The feedback from this project was very positive from England and Japan. Japanese groups worked extremely well in interactive theatre sessions, people were not shy in coming forward with suggestions and making contributions to group sessions. People were genuinely interested in the project and were excited at the prospect of being involved.

Some of the comments include:

Moving Forward

Stage four of this project, once funding has been raised, is to make an evaluation video of the project from footage filmed during the tour.

Andy Hickson giving a seminar for the British Council


Chubu WEEKLY Vol.5 No.12 July.8 - July.22, 1999.

Dramatic seminar deals with bullying

By John E. Gibson

The Chubu Weekly

NAGOYA - A seminar that focused on dramatic alternatives to dealing with bullying seem to hit home with the 75 participants who attended the forum last month at the Nagoya Congress Center. England's Andrew Hickson, a director and writer who specializes in interactive drama techniques that help participants better understand relationships, staged a sometimes dramatic and thoroughly enlightening forum entitled, "Preventing Bullying through Drama," put on by the British Council, Nagoya on June 25. Hickson focused on three theatrical techniques - psychodrama, drama therapy and Theater of the Oppressed - that he uses to help individuals better deal with bullying. "People who go to the theater and view the theater, in whatever form it takes, are moved by it," Hickson said. "Theater can bring about change," said Hickson, who also stressed that theatrical settings have a "therapeutic function." At the beginning of the session, which spilled over the allotted two-hour time period, Hickson asked the audience what bullying meant to them. There were about 30 responses, which he said demonstrates that "bullying means different things to different people. And what might work to tackle bullying might be different for all of us."

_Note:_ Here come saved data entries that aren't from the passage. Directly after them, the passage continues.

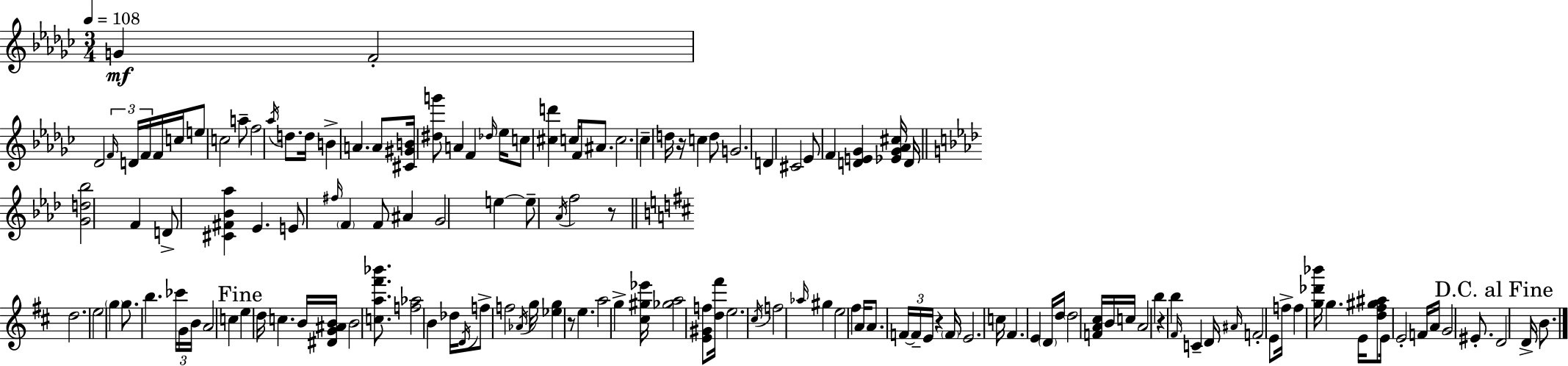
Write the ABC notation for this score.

X:1
T:Untitled
M:3/4
L:1/4
K:Ebm
G F2 _D2 F/4 D/4 F/4 F/4 c/4 e/2 c2 a/2 f2 _a/4 d/2 d/4 B A A/2 [^C^GB]/4 [^dg']/2 A F _d/4 _e/4 c/2 [^cd'] c/4 F/2 ^A/2 c2 _c d/4 z/4 c d/2 G2 D ^C2 _E/2 F [DE_G] [_E_G_A^c]/4 D/4 [Gd_b]2 F D/2 [^C^F_B_a] _E E/2 ^f/4 F F/2 ^A G2 e e/2 _A/4 f2 z/2 d2 e2 g g/2 b _c'/4 G/4 B/4 A2 c e d/4 c B/4 [^DG^AB]/4 B2 [ca^f'_b']/2 [f_a]2 B _d/4 D/4 f/2 f2 _A/4 g/4 [_eg] z/2 e a2 g [^c^g_e']/4 [_ga]2 [E^Gf]/2 [d^f']/4 e2 ^c/4 f2 _a/4 ^g e2 ^f A/4 A/2 F/4 F/4 E/4 z F/4 E2 c/4 ^F E D/4 d/4 d2 [FA^c]/4 B/4 c/4 A2 b z b ^F/4 C D/4 ^A/4 F2 E/2 f/4 f [g_d'_b']/4 g E/4 [d^f^g^a]/2 E/4 E2 F/4 A/4 G2 ^E/2 D2 D/4 B/2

Hickson, who stressed that sometimes words and actions are essential in conveying messages, simulated a psychodrama session. He said that this method focuses on one person, who plays himself, and includes a group that takes on a supporting role by trying to guide the bullied individual to a solution. Hickson took the time to point out that the difference between psychodrama and drama therapy is that in the latter, the individual with the problem is not identified and a play is chosen so that the group can focus on the problem and not the person involved. He also mentioned that Theater of the Oppressed methods feature a workshop in which participants act out an example of oppression and members of the group can stop the action, take on the role of the protagonist and attempt to resolve the situation. Hickson said that the theater leaves an impression on audiences and the brief examples that Design City residents witnessed left some of them inspired.

"It just opened my eyes to ways that theater can be used in practical situations," said Max Tuefferd, a member of the local acting troupe, the Nagoya Players. "The changing of roles gives bullies an idea of what it feels like," said Masami Ono, an elementary school teacher in Aichi. "Using these kinds of methods, which include actions, can help both sides understand the problem of bullying," Ono said. Hickson announced at the end of the seminar that he plans to form an NGO with a yet undetermined Japanese theater group to script a play that would tour the country within the next two years.